A certain machine with a 10ns \( (10\times 10^{-9}\text{s}) \) clock can perform
jumps (1 cycle),
branches (3 cycles),
arithmetic instructions (2 cycles),
multiply instructions (5 cycles),
and memory instructions (4 cycles).

A certain program has
10% jumps,
10 branches,
50% arithmetic,
10% multiply,
and 20% memory instructions.

Answer the following question.
Show your derivation in sufficient detail.
  1. What is the CPI of this program on this machine?
  2. If the program executes \( 10^9 \) instructions, what is its execution time?
  3. A 5-cycle multiply-add instruction is implemented that combines an arithmetic and a multiply instruction.
    50% of the multiples can be tuned into multiply-adds.
    What is the new CPI?
  4. Following (3) above, if the clock period remains the same,
    what is the program's new execution time.

Ans

  1. Type Cycle Instruction Count
    jump 1 10%
    branch 3 10%
    ari 2 50%
    mul 5 10%
    mem 4 20%

    \( \text{CPI}_\text{avg} = 1\times 0.1 + 3\times 0.1 + {\color{blue}2\times 0.5} + 5\times 0.1 + 4\times 0.2 = 2.7 \)
  2. Execution Time = \( \text{IC}\times \text{CPI}\times \text{Clock Cycle Time} \) \( = 10^9 \times 2.7 \times (10\times 10^{-9}) =27 \)
  3. Combines 50% of mul into ari.
    \( \Rightarrow \text{halve of }10\% \text{ is } 5\% \Rightarrow \text{all instructions reduce } 5\% \)
    The ari cycle per instruction is 2.
    The mul cycle per instruction is 5.
    \( \therefore \) mul dominate clock cycle. \( \Rightarrow \text{ari part} = 50\% - 5\% = 45\% \)
    \( \Rightarrow \text{CPI}_\text{new} =( 1\times 0.1 + 3\times 0.1 + {\color{blue} 2\times 0.45 + 5\times 0.05} + 5\times 0.05 + 4\times 0.2 ) {\color{red} / 0.95 } = 2.74 \)
  4. Execution Time =IC\( \times \) CPI\( \times \) Clock Cycle Time
    \( \Rightarrow (10^9\times 0.95)\times 2.74\times (10\times 10^{-9}) = 26.03 \)s

使用MIPS做為效能評估標準的謬誤

非時間的效能評估標準叫做MIPS (million instructions per second 又稱 native MIPS)
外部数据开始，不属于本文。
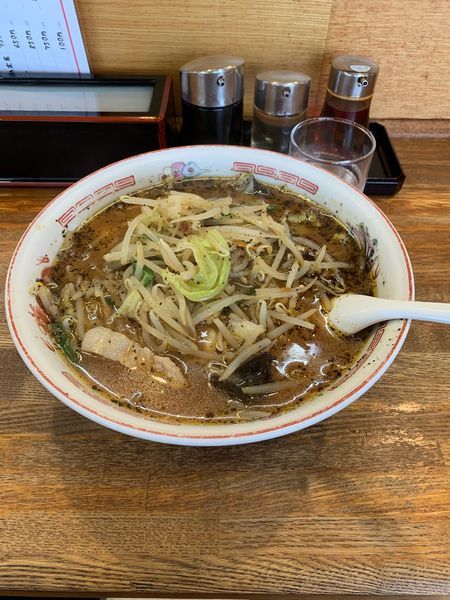 「からしタンメン」@白河手打ラーメン かづ枝の写真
\[ \text{MIPS}= \frac{ \text{Instruction Count} } { \text{Execution Time} \times10^6 } = \frac{ \text{Instruction Count} } { \frac{\text{IC}\times\text{CPI}}{\text{Clock rate}} \times 10^6} = \frac{\color{red}{\text{Clock rate}}}{\text{CPI}\times 10^6} \]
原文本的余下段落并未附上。